Bone Remodeling in Patients with Relapsed/Refractory Multiple Myeloma Who Receive Lenalidomide-Based Regimens.

Lenalidomide in combination with dexamethasone is very effective for the management of refractory/relapsed multiple myeloma (MM). However, there is very little information for the effect of lenalidomide on bone metabolism in MM. We evaluated bone remodeling in 36 patients (22M/14F; median age 64 years) with refractory/relapsed MM who received lenalidomide-based regimens: 27 received the combination of lenalidomide at the standard dose of 25mg/day x 21 days, every 28 days, with either high (n=18) or low (n=9) dose dexamethasone, while 9 patients received the combination of lenalidomide/low dose dexamethasone plus bortezomib (BDR) at a dose of 1 mg/m², iv, on days 1, 4, 8, 11 every 28 days. The following serum indices of bone turnover were measured on day 1 of cycle 1, and then on day 28 of cycle 3:

• osteoblast inhibitor dickkopf-1 (Dkk-1);

• osteoclast regulators: soluble RANKL (sRANKL) and osteoprotegerin (OPG);

• bone resorption markers: C-telopeptide of collagen type-I (CTX) and tartrate-resistant acid phosphatase type-5b (TRACP-5b); and

• bone formation markers: bone-specific ALP (bALP) and osteocalcin (OC).

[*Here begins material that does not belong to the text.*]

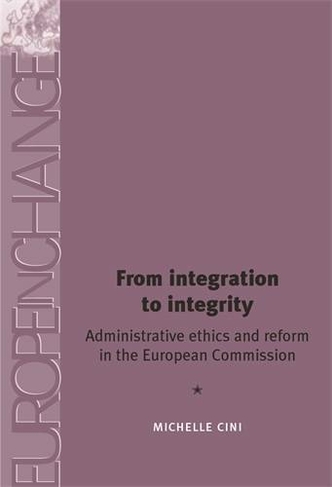 From Integration to Integrity: Administrative Ethics and Reform in the European Commission (Europe in Change)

We also studied 20 healthy controls of similar gender and age. The median number of previous therapies was 3 (range: 2–7). At baseline, 9 patients had no lytic lesions (group A), while 3 patients had 1–3 lytic lesions (group B) and 24 patients had more than 3 lytic lesions and/or a pathological fracture (group C) in plain radiography of the skeleton. After 3 cycles of therapy the objective response (CR+PR) rate was 77% (21/27) in lenalidomide/dexamethasone patients and 55% (5/9) in BDR patients. MM patients at baseline had increased levels of Dkk-1 (p=0.002), sRANKL (p=0.04), and both markers of bone resorption (p<0.01) compared to controls. In contrast, bone formation as assessed by serum bALP and OC was significantly reduced (p<0.01). Patients with advanced bone disease (group C) had increased levels of CTX (p<0.001), TRACP-5b (p<0.01), Dkk-1 (p=0.04) and reduced levels of OC (p=0.04) compared with all others. Moreover, serum levels of DKK-1 correlated with TRACP-5b (r=0.614, p<0.0001), CTX (r=0.29, p=0.03), sRANKL (r=0.423, p=0.001) and OPG (r=0.572, p<0.0001). The administration of lenalidomide-based regimens produced only a reduction of Dkk-1 (p=0.04) and TRACP-5b (p=0.03) after 3 cycles of therapy. Interestingly, patients who received BDR showed a dramatic reduction of sRANKL (p=0.02), sRANKL/OPG ratio (p=0.03) and Dkk-1 (p=0.02), which associated with an increase in both markers of bone formation (p=0.04). The % reduction of sRANKL and TRACP-5b and the % increase of bALP and OC was higher in BDR patients compared with others. There was no correlation between response to therapy and bone markers’ changes. In conclusion, the combination of lenalidomide plus dexamethasone seems not to have a clear effect on bone metabolism after 3 cycles of therapy, possibly due to administration of high dose dexamethasone in the majority of patients. BDR patients had a beneficial effect mainly on bone formation, reflecting the bone anabolic effect of bortezomib and/or the lower dose of dexamethasone given in these patients. Longer follow-up is needed to exact final conclusions for the effect of lenalidomide on bone metabolism in relapsed/refractory MM.